DLLOCKINIT(3) FreeBSD Library Functions Manual DLLOCKINIT(3)


dllockinitregister thread locking methods with the dynamic linker


Standard C Library (libc, -lc)


#include < dlfcn.h>

dllockinit( void *context, void *(*lock_create)(void *context), void (*rlock_acquire)(void *lock), void (*wlock_acquire)(void *lock), void (*lock_release)(void *lock), void (*lock_destroy)(void *lock), void (*context_destroy)(void *context));


Due to enhancements in the dynamic linker, this interface is no longer needed. It is deprecated and will be removed from future releases. In current releases it still exists, but only as a stub which does nothing.
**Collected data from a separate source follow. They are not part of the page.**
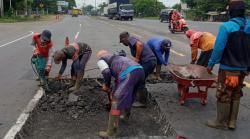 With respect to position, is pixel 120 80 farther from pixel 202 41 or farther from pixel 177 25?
pixel 177 25

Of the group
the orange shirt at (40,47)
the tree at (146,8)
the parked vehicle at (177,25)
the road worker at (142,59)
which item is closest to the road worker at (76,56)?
the orange shirt at (40,47)

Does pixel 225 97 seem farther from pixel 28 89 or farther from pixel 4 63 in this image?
pixel 4 63

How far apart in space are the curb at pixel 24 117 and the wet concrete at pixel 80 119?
9 cm

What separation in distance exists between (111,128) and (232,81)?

Threads packages can call dllockinit() at initialization time to register locking functions for the dynamic linker to use. This enables the dynamic linker to prevent multiple threads from entering its critical sections simultaneously.
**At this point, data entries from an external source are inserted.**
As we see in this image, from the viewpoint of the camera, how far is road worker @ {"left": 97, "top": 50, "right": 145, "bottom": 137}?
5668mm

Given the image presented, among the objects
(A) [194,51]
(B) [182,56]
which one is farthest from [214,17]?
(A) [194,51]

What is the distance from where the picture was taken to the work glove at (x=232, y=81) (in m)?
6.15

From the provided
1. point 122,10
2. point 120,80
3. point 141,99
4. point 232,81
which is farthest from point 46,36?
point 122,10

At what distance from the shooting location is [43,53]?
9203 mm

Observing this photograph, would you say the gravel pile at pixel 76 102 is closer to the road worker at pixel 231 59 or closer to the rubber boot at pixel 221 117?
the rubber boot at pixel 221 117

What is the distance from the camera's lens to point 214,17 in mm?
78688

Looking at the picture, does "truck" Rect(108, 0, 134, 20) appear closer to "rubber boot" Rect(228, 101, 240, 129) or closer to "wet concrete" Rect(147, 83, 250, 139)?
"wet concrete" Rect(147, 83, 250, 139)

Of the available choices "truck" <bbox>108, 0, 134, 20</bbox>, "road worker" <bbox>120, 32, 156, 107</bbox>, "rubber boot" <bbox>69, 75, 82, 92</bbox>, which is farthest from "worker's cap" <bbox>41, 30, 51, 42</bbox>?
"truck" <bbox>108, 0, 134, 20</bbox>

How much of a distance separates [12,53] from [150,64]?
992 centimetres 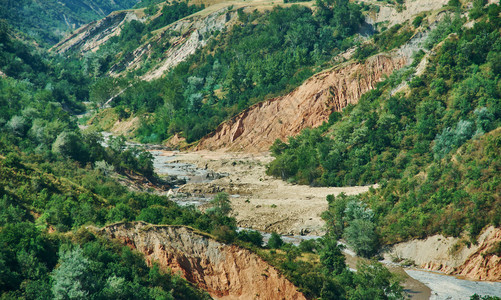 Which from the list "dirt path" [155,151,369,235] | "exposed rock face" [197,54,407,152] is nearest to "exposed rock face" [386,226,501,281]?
"dirt path" [155,151,369,235]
The context argument specifies an opaque context for creating locks. The dynamic linker will pass it to the lock_create function when creating the locks it needs. When the dynamic linker is permanently finished using the locking functions (e.g., if the program makes a subsequent call to dllockinit() to register new locking functions) it will call context_destroy to destroy the context.
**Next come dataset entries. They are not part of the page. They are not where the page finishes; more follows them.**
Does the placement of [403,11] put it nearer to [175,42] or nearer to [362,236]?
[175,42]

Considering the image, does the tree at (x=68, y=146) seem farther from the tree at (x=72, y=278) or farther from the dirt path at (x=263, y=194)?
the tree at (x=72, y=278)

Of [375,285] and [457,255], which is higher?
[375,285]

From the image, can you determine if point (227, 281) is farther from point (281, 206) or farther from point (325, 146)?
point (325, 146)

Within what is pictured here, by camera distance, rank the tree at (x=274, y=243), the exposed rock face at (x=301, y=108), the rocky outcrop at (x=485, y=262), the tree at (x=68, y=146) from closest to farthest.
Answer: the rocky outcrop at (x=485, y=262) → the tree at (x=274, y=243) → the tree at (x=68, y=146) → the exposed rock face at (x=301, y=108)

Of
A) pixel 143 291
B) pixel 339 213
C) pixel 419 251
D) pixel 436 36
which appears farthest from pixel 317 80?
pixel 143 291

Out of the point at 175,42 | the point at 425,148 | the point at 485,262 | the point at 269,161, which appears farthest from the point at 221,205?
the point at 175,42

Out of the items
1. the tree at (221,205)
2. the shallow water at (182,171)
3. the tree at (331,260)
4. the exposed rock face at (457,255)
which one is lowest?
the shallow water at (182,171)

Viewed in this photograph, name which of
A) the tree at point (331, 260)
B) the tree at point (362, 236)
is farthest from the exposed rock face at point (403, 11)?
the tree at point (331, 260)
The lock_create argument specifies a function for creating a read/write lock. It must return a pointer to the new lock.

The rlock_acquire and wlock_acquire arguments specify functions which lock a lock for reading or writing, respectively. The lock_release argument specifies a function which unlocks a lock. Each of these functions is passed a pointer to the lock.

The lock_destroy argument specifies a function to destroy a lock. It may be NULL if locks do not need to be destroyed. The context_destroy argument specifies a function to destroy the context. It may be NULL if the context does not need to be destroyed.

Until dllockinit() is called, the dynamic linker protects its critical sections using a default locking mechanism which works by blocking the SIGVTALRM, SIGPROF, and SIGALRM signals. This is sufficient for many application level threads packages, which typically use one of these signals to implement preemption. An application which has registered its own locking methods with dllockinit() can restore the default locking by calling dllockinit() with all arguments NULL.


rtld(1), signal(3)


The dllockinit() function first appeared in FreeBSD 4.0.